The Bulgarian National Corpus: Theory and Practice in Corpus Design

Svetla Koeva; Ivelina Stoyanova; Svetlozara Leseva; Rositsa Dekova; Tsvetana Dimitrova; Ekaterina Tarpomanova

doi:10.15398/jlm.v0i1.33

Authors

Svetla Koeva Department of Computational Linguistics, Institute for Bulgarian Language, Bulgarian Academy of Sciences
Ivelina Stoyanova Department of Computational Linguistics, Institute for Bulgarian Language, Bulgarian Academy of Sciences
Svetlozara Leseva Department of Computational Linguistics, Institute for Bulgarian Language, Bulgarian Academy of Sciences
Rositsa Dekova Department of Computational Linguistics, Institute for Bulgarian Language, Bulgarian Academy of Sciences
Tsvetana Dimitrova Department of Computational Linguistics, Institute for Bulgarian Language, Bulgarian Academy of Sciences
Ekaterina Tarpomanova Department of Computational Linguistics, Institute for Bulgarian Language, Bulgarian Academy of Sciences

Keywords:

corpus design, Bulgarian National Corpus, computational linguistics

Abstract

The paper discusses several key concepts related to the development of corpora and reconsiders them in light of recent developments in NLP. On the basis of an overview of present-day corpora, we conclude that the dominant practices of corpus design do not utilise adequately the technologies and, as a result, fail to meet the demands of corpus linguistics, computational lexicology and computational linguistics alike.

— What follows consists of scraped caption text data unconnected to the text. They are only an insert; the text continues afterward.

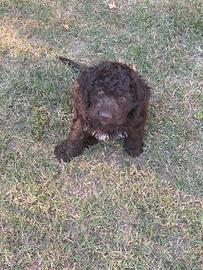 Due cuccioli di Lagotto Romagnolo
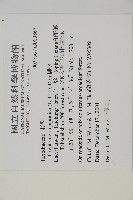 柳杉藏品圖，第2張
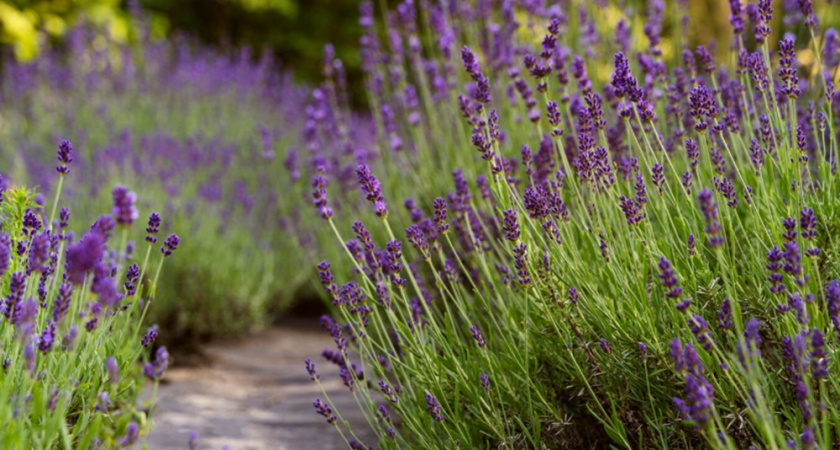 5 многолетних растений, которые нужно обрезать после цветения в августе - совет от опытного агронома 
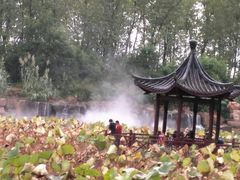 -合肥滨湖国家森林公园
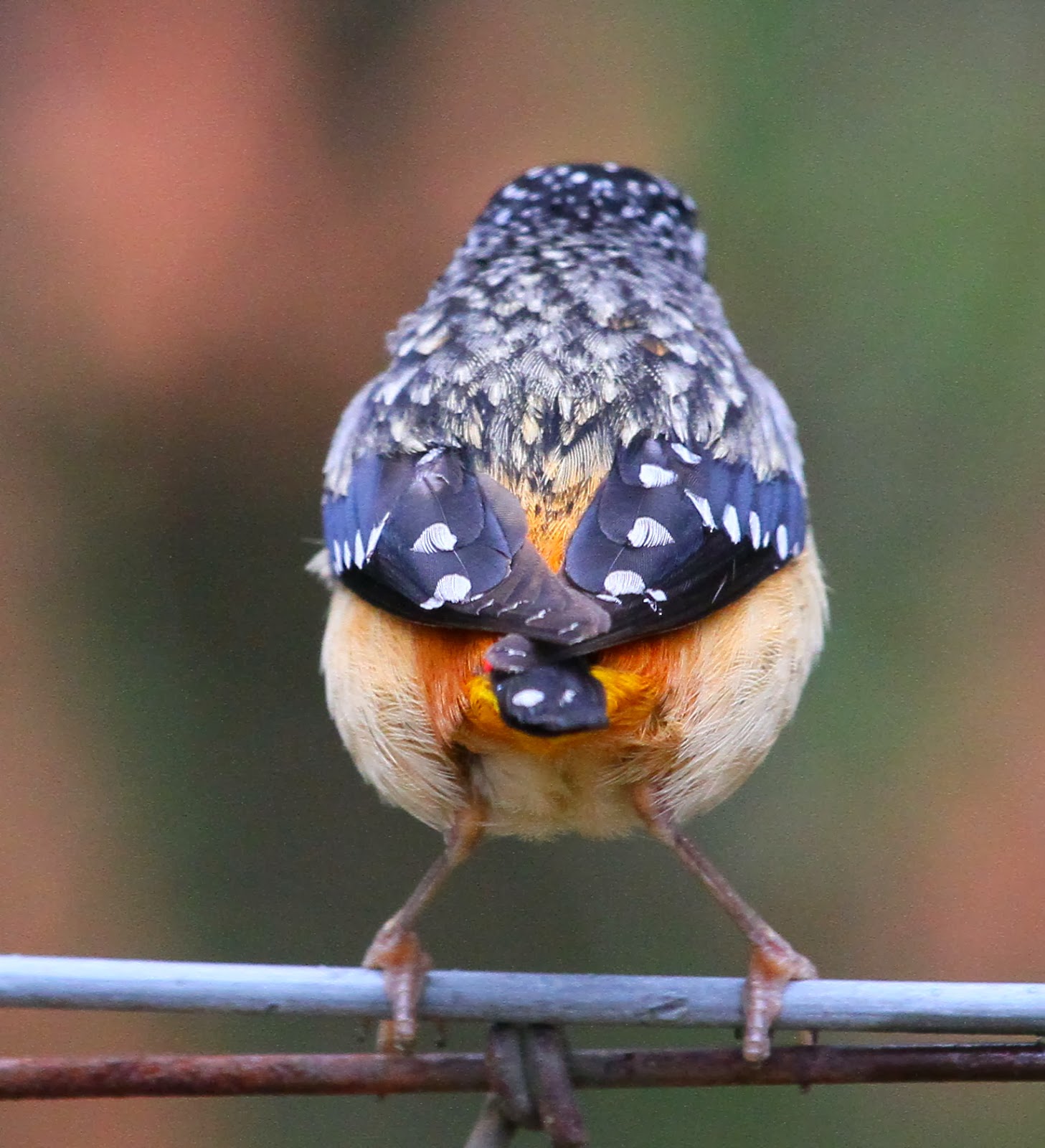 Richard Waring's Birds of Australia: Spotted Pardalote, Red-browed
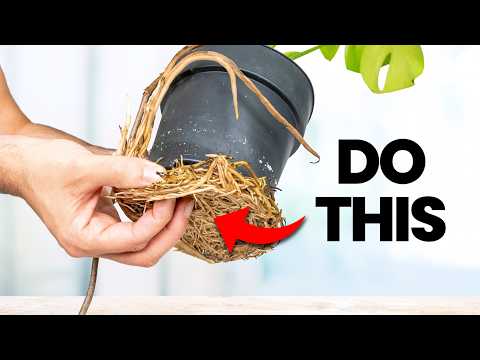 10 MUST DO Plant Tasks in September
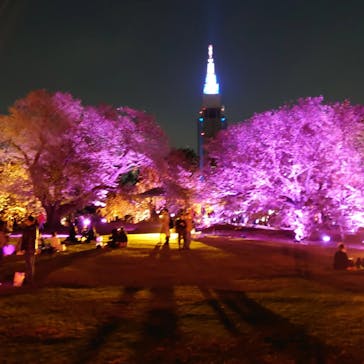 NAKED 桜の新宿御苑 2023に投稿された画像（2023/4/11）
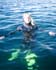 swim20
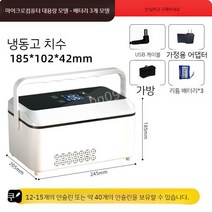 의료용 아이스박스 쿨러 소형 휴대용 냉장고 충전식, B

We proceed to lay out a data-driven approach to corpus design, which integrates the best practices of traditional corpus linguistics with the potential of the latest technologies allowing fast collection, automatic metadata description and annotation of large amounts of data. Thus, the gist of the approach we propose is that corpus design should be centred on amassing large amounts of mono- and multilingual texts and on providing them with a detailed metadata description and high-quality multi-level annotation.

We go on to illustrate this concept with a description of the compilation, structuring, documentation, and annotation of the Bulgarian National Corpus (BulNC). At present it consists of a Bulgarian part of 979.6 million words, constituting the corpus kernel, and 33 Bulgarian-X language corpora, totalling 972.3 million words, 1.95 billion words altogether. The BulNC is supplied with a comprehensive metadata description, which allows us to organise the texts according to different principles. The Bulgarian part of the BulNC is automatically processed (tokenised and sentence split) and annotated at several levels: morphosyntactic tagging, lemmatisation, word-sense annotation, annotation of noun phrases and named entities. Some levels of annotation are also applied to the Bulgarian-English parallel corpus with the prospect of expanding multilingual annotation both in terms of linguistic levels and the number of languages for which it is available. We conclude with a brief evaluation of the quality of the corpus and an outline of its applications in NLP and linguistic research.